# Assignment 2

Variable `data` shows where data is located. Modify it as needed

In [1]:
data = "gs://<BUCKET-NAME>/notebooks/jupyter/data/"

## Data

This is a historical dataset on the modern Olympic Games, including all the Games from Athens 1896 to Rio 2016. The data was taken from Kaggle. The `athlete_events` Dataset contains $271,116$ rows and $15$ columns and the NOC region dataset contains $230$ rows and $3$ columns. They will be merged together by the National Olympic Committee (NOC) region. Both files are comma separated.

**Source:**

Griffin, R, H (2018) 120 years of Olympic history: athletes and results, athlete_events, Found at: https://www.kaggle.com/heesoo37/120-years-of-olympic-history-athletes-and-results#athlete_events.csv

Griffin, R, H (2018) 120 years of Olympic history: athletes and results, noc_regions, Found at: https://www.kaggle.com/heesoo37/120-years-of-olympic-history-athletes-and-results#noc_regions.csv

**ATTRIBUTES:**

**athlete_events.csv**

| Column Name | Data Type | Description/Notes |
|:----:|:----:|:----|
| ID |  integer | Unique number for each athlete |
| Name | string | Athlete’s name |
| Sex | string | M or F |
| Age | integer |  |
| Height | integer | In centimeters |
| Weight | integer | In kilograms |
| Team | string | Team name |
| NOC | string | National Olympic Committee, 3 letter code (Matches with `NOC` from noc_regions.csv) |
| Games | string | Year and season |
| Year | integer |  |
| Season | string | Summer or Winter |
| City | string | Host city |
| Sport | string |  |
| Event | string |  |
| Medal | string | Gold, Silver, Bronze, or NA |

**noc_regions.csv**

| Column Name | Data Type | Description/Notes |
|:--|--|:--|
| NOC | string | National Olympic Committee, 3 letter code (Matches with `NOC` from noc_regions.csv) |
| Region | string |  |
| notes | string |  |

## Upload the data into Google Cloud Storage

Use the paths above to download and upload our two files to your Google bucket. For consistency, use the following path:

`gs://<BUCKET-NAME>/notebooks/data/olympics-analysis`

and upload the files into *olympics-analysis* directory.
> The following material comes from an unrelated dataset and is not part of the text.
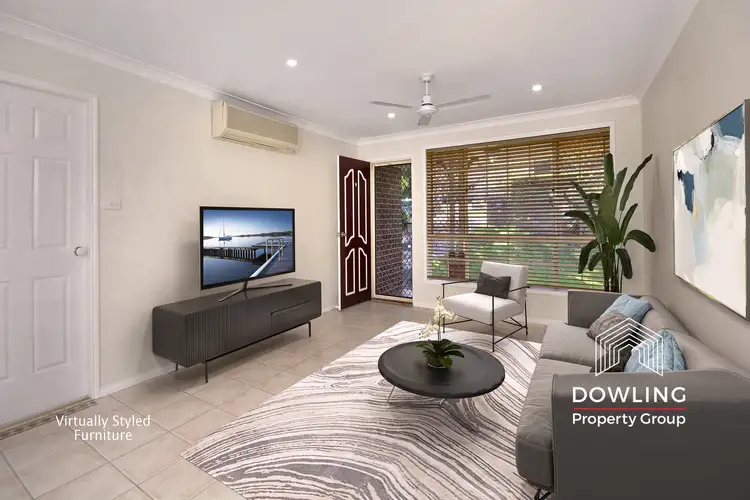 Second view of Homely semi-detached listing, 2/61 Gunambi Street, Wallsend NSW 2287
Confirm that files were uploaded successfully and are accessible via the notebook by the following gsutil command:

In [21]:
!gsutil ls {data + "olympics-analysis"}

gs://qst843/notebooks/jupyter/data/olympics-analysis/
gs://qst843/notebooks/jupyter/data/olympics-analysis/athlete_events.csv
gs://qst843/notebooks/jupyter/data/olympics-analysis/noc_regions.csv


## Load the data into Spark

As seen in the [class notes](https://github.com/soltaniehha/Big-Data-Analytics-for-Business/blob/master/06-Basic-DF-Operations/01-Basic-Structured-Operations.ipynb), we can either ask Spark to infer the schema, or we explicitly specify it ourselves. For this example, we need to specify the schema explicitly since not all the columns will be converted the way we would like to by the default option.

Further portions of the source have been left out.